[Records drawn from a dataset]
+++

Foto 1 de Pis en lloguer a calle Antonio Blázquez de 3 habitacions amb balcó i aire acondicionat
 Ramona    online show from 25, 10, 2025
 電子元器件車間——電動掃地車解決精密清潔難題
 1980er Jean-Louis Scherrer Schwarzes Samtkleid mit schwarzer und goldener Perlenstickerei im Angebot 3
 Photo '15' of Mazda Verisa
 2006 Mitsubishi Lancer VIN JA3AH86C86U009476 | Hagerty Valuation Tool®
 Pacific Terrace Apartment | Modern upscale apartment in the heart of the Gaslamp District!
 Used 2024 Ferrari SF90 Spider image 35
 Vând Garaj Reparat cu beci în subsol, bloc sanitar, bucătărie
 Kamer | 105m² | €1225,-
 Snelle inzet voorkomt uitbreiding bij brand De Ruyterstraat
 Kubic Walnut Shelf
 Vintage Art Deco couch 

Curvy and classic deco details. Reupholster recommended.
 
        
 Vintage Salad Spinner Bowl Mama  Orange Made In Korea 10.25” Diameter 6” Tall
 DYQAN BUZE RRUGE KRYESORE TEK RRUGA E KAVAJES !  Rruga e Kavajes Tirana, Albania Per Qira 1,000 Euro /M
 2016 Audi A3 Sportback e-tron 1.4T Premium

+++

Exercise description: Nothing but a number is expected: how many lines in the data above hold the word "Vintage".

Task result: 2